I now digress with a brief horror story about chess coaching. A few years ago a promising chess prodigy asked to play a game against me where I would “give no quarter”. After a few moves, the prodigy simply reversed the development of a piece he had just brought into play. The game did not last much longer.
Under interrogation, the eight year old confessed that a (clearly inept) coach had prematurely deluded him into mindlessly emulating the kind of super-refined subtlety which should really have remained in the domain of those who have progressed sufficiently to comprehend the seeming paradoxes of a Nimzowitsch, a Karpov or a Carlsen.
Is chaos come again, or has it always been thus, at least since Nicolaus Copernicus proved that, far from our solar system being geocentric, the earth revolves subserviently around the sun and Charles Darwin refuted the anthropocentric thesis by demonstrating that humankind is descended from the apes ? And, if so, who has tried to combat chaos and restore or discover order?
Nearly contemporaneously with Darwin, Friedrich Nietzsche’s great metaphor to counter absence of meaning was the Eternal Recurrence ( Ewige Wiederkehr ) . Nietzsche proposed a model of the universe that repeats itself identically in infinite iterations of recycling. What has happened now has happened an infinite number of times before and will continue to replicate itself infinitely into the future. Only the Übermensch (“superhuman”) can accept this bleak scenario, yet still function as if meaning exists. Nietzsche was famously parodied by that bewhiskered philosopher, the Muskrat, in Tove Jansson’s Moomin series, that educated rodent’s favourite book, of course, being The Uselessness of Everything . Then there was Rainer Maria Rilke, whose most celebrated poem “The Carousel” , far from being purely descriptive, or an evocative paean to childhood, with its colourfully painted roundabout animals, is actually a metaphor for Nietzsche’s metaphor. Rilke ’s roundabout is going nowhere. It simply repeats its journey. The clue is in the phrase “hat kein Ziel”: it has no goal or purpose. Never before, or since, has absence of meaning been expressed with such poetic elegance.
In chess terms, Dr Siegbert Tarrasch was the thinker who did most to strive towards making sense of the chaotic cosmos of chess, where there are more possibilities than atoms in the observable universe. He postulated order, method and rules, through which to comprehend the bewildering multiplicity of potential inherent in the game. Thus there are said to be approximately 10 to the power of 81 atoms in the observable universe. To put that into context, the number (called a vigintisextillion) is the number 10 with 81 zeros behind it: 10,000,000,000,000,000,000,000,000,000,000,000,000,000,000,000,000,000,000,000,000,000,000,000,000,000,000,000 atoms.

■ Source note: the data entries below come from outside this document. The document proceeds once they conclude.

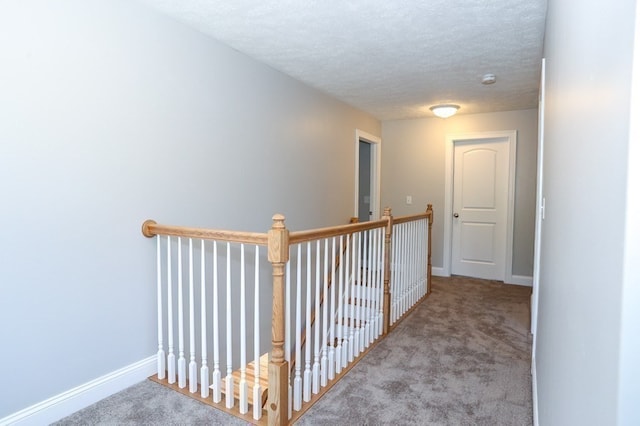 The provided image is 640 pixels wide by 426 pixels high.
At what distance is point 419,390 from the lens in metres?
2.23

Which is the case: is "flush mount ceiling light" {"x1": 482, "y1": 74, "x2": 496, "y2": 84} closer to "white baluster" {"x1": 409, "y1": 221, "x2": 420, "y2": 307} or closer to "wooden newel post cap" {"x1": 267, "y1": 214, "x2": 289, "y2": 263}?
"white baluster" {"x1": 409, "y1": 221, "x2": 420, "y2": 307}

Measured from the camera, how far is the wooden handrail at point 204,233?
1.93 meters

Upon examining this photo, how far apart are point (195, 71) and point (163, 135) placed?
56cm

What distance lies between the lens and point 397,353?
275cm

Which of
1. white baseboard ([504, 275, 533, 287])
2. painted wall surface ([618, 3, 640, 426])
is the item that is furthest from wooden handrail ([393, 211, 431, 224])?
painted wall surface ([618, 3, 640, 426])

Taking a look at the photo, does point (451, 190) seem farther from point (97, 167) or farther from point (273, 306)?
point (97, 167)

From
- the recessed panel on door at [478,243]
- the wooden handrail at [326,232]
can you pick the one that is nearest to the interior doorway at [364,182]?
the recessed panel on door at [478,243]

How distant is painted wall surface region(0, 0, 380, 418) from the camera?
177 centimetres

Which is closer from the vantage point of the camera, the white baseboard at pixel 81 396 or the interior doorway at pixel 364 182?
the white baseboard at pixel 81 396

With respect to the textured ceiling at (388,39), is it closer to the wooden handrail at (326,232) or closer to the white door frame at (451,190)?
the white door frame at (451,190)

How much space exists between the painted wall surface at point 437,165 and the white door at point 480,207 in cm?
18

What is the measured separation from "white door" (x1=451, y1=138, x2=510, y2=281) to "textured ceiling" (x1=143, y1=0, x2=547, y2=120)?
117cm

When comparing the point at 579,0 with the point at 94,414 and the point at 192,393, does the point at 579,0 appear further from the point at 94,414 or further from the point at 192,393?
the point at 94,414

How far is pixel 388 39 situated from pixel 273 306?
6.82 ft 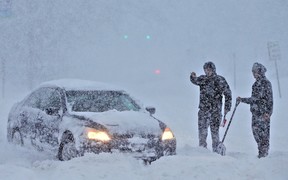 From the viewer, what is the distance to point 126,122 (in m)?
6.98

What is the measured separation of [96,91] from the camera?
8211 millimetres

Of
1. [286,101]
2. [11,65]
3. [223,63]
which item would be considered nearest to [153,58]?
[223,63]

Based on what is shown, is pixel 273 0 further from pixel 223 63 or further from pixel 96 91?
pixel 96 91

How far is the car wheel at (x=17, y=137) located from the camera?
8695 millimetres

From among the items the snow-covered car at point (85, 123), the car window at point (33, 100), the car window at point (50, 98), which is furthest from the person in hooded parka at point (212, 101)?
the car window at point (33, 100)

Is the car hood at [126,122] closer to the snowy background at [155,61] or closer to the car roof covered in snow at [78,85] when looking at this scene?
the snowy background at [155,61]

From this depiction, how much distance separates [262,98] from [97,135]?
3134 mm

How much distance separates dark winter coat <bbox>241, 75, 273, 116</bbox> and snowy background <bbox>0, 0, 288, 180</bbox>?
33.1 inches

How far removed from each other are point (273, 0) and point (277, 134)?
148m

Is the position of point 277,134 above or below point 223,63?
below

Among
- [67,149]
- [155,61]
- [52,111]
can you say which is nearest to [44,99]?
[52,111]

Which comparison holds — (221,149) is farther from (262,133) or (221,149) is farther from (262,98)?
(262,98)

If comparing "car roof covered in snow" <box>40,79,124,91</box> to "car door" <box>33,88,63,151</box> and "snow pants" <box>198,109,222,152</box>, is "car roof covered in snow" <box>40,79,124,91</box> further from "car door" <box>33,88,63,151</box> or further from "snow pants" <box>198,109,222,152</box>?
"snow pants" <box>198,109,222,152</box>

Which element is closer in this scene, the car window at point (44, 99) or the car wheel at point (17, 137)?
the car window at point (44, 99) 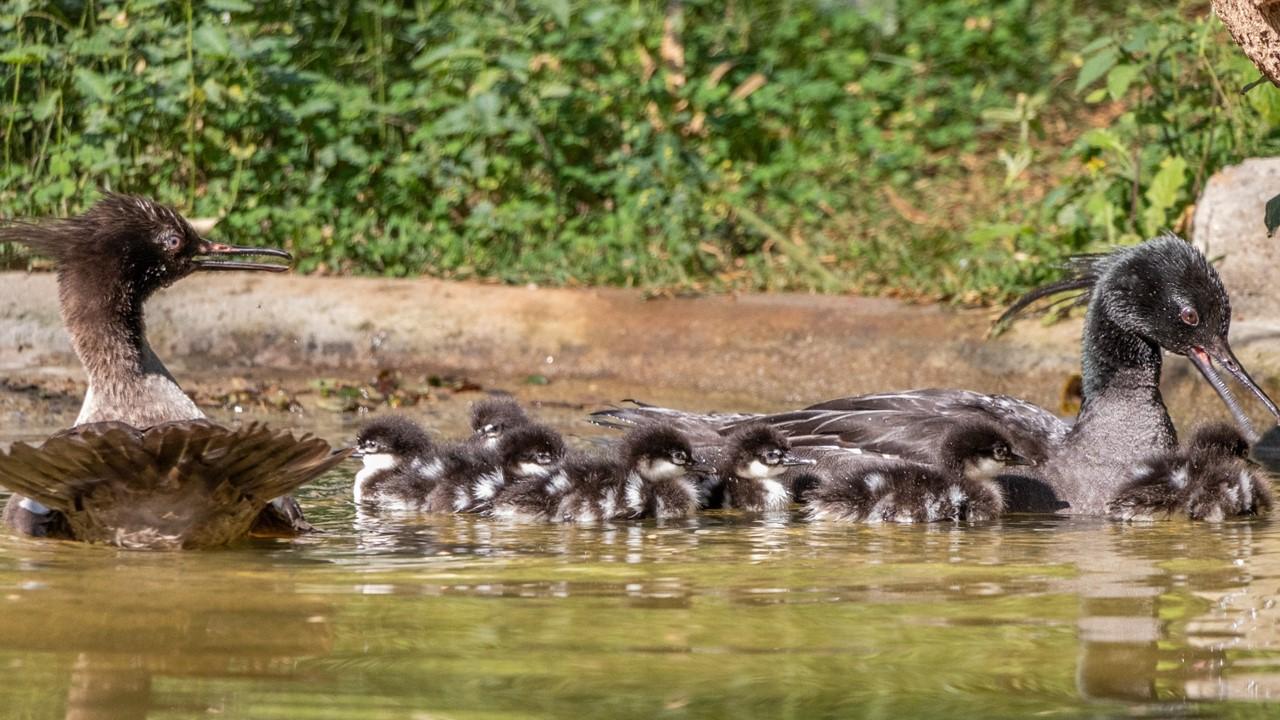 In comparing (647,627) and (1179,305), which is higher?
(1179,305)

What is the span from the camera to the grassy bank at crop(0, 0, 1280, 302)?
30.4 ft

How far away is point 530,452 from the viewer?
621cm

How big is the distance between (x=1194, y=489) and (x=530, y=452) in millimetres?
2054

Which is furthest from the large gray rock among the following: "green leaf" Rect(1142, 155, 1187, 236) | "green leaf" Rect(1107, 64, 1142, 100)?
"green leaf" Rect(1107, 64, 1142, 100)

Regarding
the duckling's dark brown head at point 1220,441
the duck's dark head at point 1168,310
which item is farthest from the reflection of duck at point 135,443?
the duckling's dark brown head at point 1220,441

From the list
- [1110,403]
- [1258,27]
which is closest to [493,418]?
[1110,403]

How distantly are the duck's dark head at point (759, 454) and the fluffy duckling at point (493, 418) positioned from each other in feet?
2.58

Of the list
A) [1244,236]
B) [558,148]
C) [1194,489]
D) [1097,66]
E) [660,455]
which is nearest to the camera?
[1194,489]

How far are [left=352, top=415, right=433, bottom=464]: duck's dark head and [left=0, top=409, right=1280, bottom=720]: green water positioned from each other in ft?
2.89

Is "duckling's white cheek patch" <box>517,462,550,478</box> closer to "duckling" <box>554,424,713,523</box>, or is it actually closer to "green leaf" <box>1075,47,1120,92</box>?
"duckling" <box>554,424,713,523</box>

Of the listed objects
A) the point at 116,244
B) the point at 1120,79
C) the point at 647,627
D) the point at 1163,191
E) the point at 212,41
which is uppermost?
the point at 212,41

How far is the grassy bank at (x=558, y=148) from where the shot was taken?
30.4ft

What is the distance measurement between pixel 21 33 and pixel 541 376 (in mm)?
3266

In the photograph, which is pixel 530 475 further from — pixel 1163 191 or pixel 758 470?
pixel 1163 191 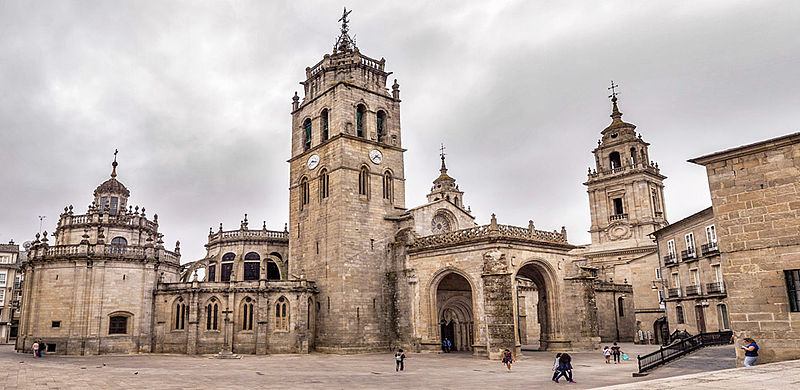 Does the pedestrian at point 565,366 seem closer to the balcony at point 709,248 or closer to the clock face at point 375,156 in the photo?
the balcony at point 709,248

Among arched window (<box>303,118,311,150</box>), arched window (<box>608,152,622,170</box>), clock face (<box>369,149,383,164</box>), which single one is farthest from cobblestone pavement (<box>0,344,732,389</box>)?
arched window (<box>608,152,622,170</box>)

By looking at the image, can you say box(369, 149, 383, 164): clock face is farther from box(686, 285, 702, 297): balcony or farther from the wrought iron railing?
box(686, 285, 702, 297): balcony

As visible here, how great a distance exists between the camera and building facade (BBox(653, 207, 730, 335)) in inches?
1284

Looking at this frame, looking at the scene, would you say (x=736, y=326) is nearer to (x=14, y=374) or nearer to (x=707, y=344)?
(x=707, y=344)

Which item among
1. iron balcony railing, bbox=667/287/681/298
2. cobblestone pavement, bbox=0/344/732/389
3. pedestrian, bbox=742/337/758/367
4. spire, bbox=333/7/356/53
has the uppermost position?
spire, bbox=333/7/356/53

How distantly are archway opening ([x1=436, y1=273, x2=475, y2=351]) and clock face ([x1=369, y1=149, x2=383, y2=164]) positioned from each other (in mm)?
9473

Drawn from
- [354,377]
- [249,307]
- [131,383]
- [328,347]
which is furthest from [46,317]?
[354,377]

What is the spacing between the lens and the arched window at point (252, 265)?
41706 millimetres

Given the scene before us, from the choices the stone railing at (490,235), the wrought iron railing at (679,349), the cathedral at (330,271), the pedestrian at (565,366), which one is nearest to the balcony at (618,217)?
the cathedral at (330,271)

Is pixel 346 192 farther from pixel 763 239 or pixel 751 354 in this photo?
pixel 751 354

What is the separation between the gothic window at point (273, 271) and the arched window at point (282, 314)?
833 centimetres

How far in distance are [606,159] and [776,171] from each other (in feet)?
136

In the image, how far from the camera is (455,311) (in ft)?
121

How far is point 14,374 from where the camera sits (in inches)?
854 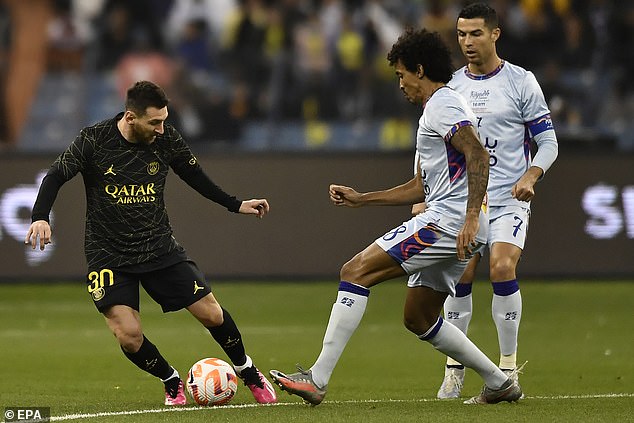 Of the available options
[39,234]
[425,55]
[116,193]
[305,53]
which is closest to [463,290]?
[425,55]

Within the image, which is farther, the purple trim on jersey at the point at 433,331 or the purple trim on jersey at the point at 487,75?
the purple trim on jersey at the point at 487,75

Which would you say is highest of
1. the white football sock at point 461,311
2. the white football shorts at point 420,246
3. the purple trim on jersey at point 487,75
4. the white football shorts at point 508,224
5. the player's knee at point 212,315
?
the purple trim on jersey at point 487,75

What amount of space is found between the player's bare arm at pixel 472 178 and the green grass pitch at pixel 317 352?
38.5 inches

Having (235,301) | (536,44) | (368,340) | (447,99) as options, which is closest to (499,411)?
(447,99)

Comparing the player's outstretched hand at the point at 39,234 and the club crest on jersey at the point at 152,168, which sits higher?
the club crest on jersey at the point at 152,168

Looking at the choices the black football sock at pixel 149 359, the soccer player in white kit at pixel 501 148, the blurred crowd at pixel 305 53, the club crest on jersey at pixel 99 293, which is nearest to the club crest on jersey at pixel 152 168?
the club crest on jersey at pixel 99 293

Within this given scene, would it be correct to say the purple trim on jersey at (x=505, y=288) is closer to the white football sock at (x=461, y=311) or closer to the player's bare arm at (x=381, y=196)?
the white football sock at (x=461, y=311)

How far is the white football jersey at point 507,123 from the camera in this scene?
838cm

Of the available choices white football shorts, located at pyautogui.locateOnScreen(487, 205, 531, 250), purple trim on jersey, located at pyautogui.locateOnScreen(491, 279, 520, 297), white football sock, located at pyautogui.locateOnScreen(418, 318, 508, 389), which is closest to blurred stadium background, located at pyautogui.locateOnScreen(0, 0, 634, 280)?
white football shorts, located at pyautogui.locateOnScreen(487, 205, 531, 250)

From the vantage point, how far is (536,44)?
18062 millimetres

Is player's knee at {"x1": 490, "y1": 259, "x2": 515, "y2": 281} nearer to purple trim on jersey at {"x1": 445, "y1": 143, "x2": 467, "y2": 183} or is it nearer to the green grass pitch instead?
the green grass pitch

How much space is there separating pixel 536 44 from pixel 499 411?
11.5 meters

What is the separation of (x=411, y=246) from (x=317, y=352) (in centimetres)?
383

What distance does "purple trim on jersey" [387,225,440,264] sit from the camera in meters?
7.15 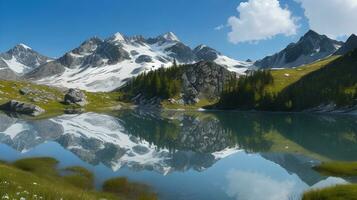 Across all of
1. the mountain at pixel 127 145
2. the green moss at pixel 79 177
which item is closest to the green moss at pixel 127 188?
Result: the green moss at pixel 79 177

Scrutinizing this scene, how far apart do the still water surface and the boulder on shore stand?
4690cm

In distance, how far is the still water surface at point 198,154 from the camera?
46.9 meters

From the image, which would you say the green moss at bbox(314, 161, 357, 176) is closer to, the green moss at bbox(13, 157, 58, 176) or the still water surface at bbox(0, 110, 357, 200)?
the still water surface at bbox(0, 110, 357, 200)

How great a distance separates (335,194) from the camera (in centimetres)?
3494

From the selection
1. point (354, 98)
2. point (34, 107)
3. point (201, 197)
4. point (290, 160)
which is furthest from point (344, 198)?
point (354, 98)

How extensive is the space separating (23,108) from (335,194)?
157 metres

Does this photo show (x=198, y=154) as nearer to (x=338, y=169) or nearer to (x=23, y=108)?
(x=338, y=169)

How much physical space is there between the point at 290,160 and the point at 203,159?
14.7 meters

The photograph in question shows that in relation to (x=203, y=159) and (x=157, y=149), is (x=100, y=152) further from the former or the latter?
(x=203, y=159)

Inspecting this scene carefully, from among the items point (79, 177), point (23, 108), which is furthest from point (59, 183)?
point (23, 108)

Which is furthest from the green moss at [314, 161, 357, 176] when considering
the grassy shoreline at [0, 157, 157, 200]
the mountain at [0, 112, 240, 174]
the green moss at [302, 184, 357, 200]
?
the grassy shoreline at [0, 157, 157, 200]

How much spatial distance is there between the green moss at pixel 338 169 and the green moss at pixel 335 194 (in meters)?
16.0

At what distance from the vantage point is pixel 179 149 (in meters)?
82.9

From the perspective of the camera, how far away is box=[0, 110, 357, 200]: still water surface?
46.9 m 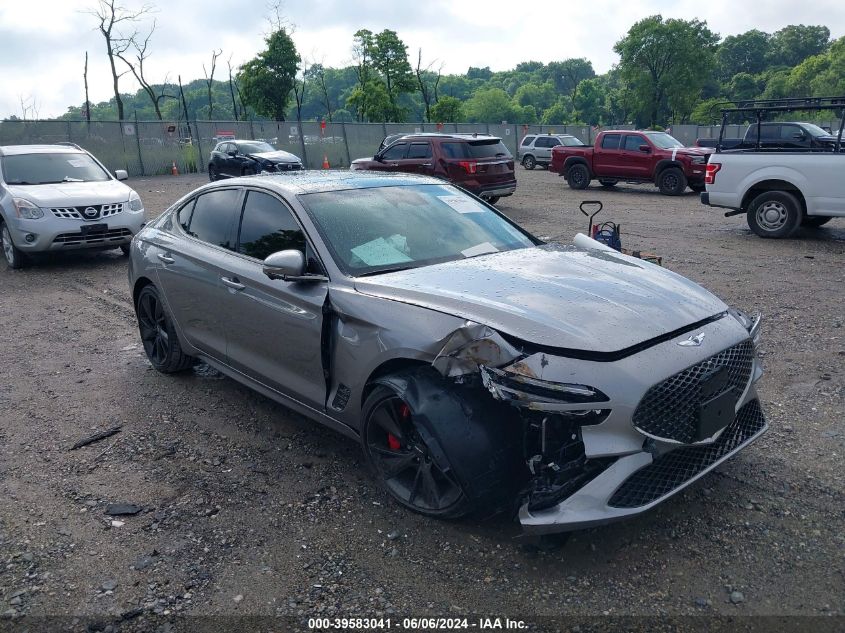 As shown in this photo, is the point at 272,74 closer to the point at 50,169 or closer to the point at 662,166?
the point at 662,166

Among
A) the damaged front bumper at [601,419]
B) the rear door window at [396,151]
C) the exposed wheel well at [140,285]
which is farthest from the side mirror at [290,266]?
the rear door window at [396,151]

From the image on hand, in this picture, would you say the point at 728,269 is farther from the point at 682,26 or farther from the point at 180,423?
the point at 682,26

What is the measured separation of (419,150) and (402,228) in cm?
1211

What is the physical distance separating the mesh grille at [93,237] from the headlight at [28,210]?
402 millimetres

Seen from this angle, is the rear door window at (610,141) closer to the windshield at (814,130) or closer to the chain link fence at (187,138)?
the windshield at (814,130)

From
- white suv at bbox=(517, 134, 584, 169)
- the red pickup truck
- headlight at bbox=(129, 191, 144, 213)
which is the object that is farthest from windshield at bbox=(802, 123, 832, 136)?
headlight at bbox=(129, 191, 144, 213)

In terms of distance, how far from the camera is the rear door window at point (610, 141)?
20547mm

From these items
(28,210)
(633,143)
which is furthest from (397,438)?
(633,143)

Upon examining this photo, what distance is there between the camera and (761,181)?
1113cm

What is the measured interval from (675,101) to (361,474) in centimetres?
7186

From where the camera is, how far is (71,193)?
1050cm

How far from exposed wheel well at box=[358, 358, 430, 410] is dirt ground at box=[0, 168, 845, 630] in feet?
1.93

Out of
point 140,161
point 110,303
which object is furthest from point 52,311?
point 140,161

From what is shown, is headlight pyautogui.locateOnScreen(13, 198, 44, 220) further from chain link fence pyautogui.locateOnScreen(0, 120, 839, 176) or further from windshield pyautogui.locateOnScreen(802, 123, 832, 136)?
chain link fence pyautogui.locateOnScreen(0, 120, 839, 176) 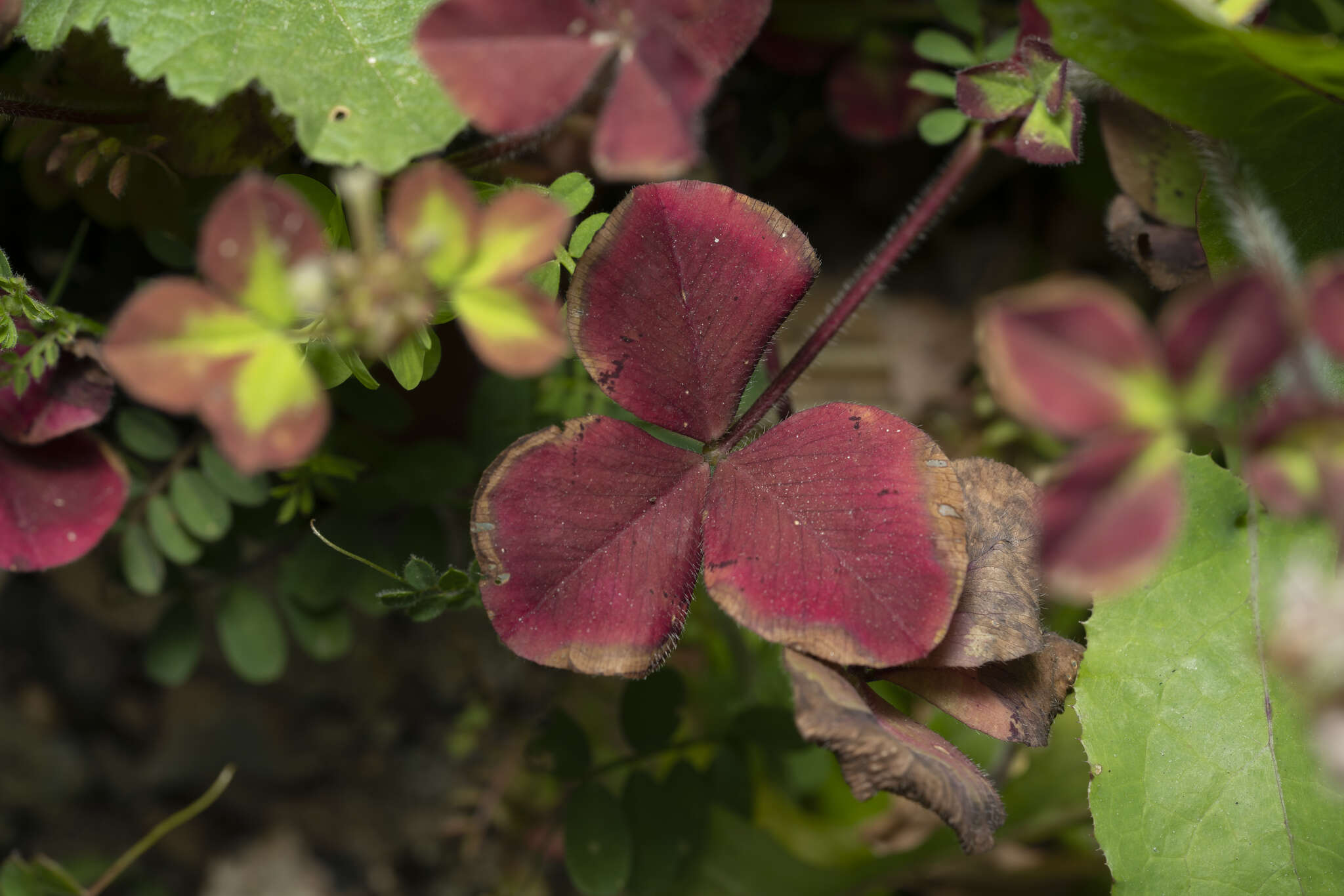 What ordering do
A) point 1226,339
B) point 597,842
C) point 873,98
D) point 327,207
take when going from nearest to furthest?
point 1226,339 < point 327,207 < point 597,842 < point 873,98

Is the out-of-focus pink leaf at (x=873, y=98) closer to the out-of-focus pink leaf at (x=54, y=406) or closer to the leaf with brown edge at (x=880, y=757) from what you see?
the leaf with brown edge at (x=880, y=757)

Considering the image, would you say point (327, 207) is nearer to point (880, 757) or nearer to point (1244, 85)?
point (880, 757)

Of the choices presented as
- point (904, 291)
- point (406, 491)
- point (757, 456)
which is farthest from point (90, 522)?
point (904, 291)

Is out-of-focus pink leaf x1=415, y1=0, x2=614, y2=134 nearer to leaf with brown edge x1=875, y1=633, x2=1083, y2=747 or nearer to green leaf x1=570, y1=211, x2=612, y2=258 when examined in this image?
green leaf x1=570, y1=211, x2=612, y2=258

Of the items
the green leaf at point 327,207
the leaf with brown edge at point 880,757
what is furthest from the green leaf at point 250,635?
the leaf with brown edge at point 880,757

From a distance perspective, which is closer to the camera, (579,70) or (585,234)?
(579,70)

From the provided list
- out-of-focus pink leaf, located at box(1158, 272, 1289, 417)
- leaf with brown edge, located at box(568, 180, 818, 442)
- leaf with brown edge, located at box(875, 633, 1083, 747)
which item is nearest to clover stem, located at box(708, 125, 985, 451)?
leaf with brown edge, located at box(568, 180, 818, 442)

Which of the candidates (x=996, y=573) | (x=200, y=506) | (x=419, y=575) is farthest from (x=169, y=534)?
(x=996, y=573) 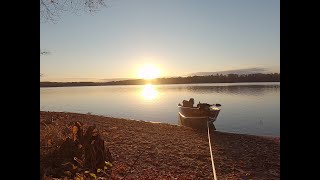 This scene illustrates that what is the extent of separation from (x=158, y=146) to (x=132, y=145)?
120cm

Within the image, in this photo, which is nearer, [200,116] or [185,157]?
[185,157]

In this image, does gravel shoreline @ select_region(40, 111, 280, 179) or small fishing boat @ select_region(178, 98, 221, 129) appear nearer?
gravel shoreline @ select_region(40, 111, 280, 179)

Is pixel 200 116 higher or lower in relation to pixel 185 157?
higher

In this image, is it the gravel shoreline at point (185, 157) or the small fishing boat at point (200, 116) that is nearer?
the gravel shoreline at point (185, 157) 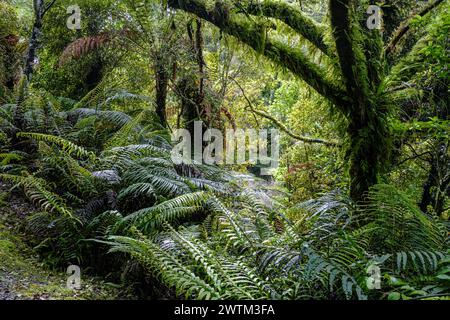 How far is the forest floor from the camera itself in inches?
127

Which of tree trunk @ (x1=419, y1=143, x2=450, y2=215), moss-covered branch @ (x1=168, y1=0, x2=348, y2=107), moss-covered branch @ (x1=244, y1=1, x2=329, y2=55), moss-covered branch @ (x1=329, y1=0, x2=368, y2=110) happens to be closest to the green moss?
moss-covered branch @ (x1=329, y1=0, x2=368, y2=110)

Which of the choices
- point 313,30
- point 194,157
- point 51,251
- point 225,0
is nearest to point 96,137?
point 194,157

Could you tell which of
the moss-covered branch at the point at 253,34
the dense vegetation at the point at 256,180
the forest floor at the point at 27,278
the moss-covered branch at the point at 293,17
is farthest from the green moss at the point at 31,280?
the moss-covered branch at the point at 293,17

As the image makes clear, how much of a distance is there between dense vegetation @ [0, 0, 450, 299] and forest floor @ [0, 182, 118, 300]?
16cm

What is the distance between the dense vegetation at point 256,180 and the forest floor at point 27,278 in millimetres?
156

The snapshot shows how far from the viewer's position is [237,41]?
16.4ft

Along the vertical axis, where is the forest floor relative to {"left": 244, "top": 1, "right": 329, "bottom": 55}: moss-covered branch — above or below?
below

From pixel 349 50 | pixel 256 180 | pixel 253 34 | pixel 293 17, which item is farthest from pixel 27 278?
pixel 293 17

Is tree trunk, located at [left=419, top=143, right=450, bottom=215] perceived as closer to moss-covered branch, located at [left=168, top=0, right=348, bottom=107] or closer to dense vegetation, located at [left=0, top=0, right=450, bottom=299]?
dense vegetation, located at [left=0, top=0, right=450, bottom=299]

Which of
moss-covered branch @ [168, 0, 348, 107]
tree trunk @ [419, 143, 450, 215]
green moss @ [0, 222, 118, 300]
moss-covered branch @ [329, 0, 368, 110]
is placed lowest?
green moss @ [0, 222, 118, 300]

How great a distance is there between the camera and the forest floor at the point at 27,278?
3.24 meters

This figure is only an estimation, based on a series of calculations and assumptions. It is, however, seriously dwarfed by 10 to the power of 120, the number of possible positions in chess. It was Tarrasch who yearned to make sense of this bewildering ocean of quasi-infinity.
It is relatively easy, at the same time, to admire, underestimate and to be unfair to that great German Grandmaster. Victor of numerous elite tournaments, respected writer and theoretician, challenger for the World Title and one of the five original Grandmasters, all anointed at St. Petersburg in 1914 by Czar Nicholas II, Tarrasch was, nevertheless, a prickly and dogmatic character, who made enemies almost without trying. The remaining four imperial laureates were: many times US Champion Frank Marshall, who was the original source of the grand masterly claim, and three then current and future World Champions: Emanuel Lasker, José Capablanca and Alexander Alekhine.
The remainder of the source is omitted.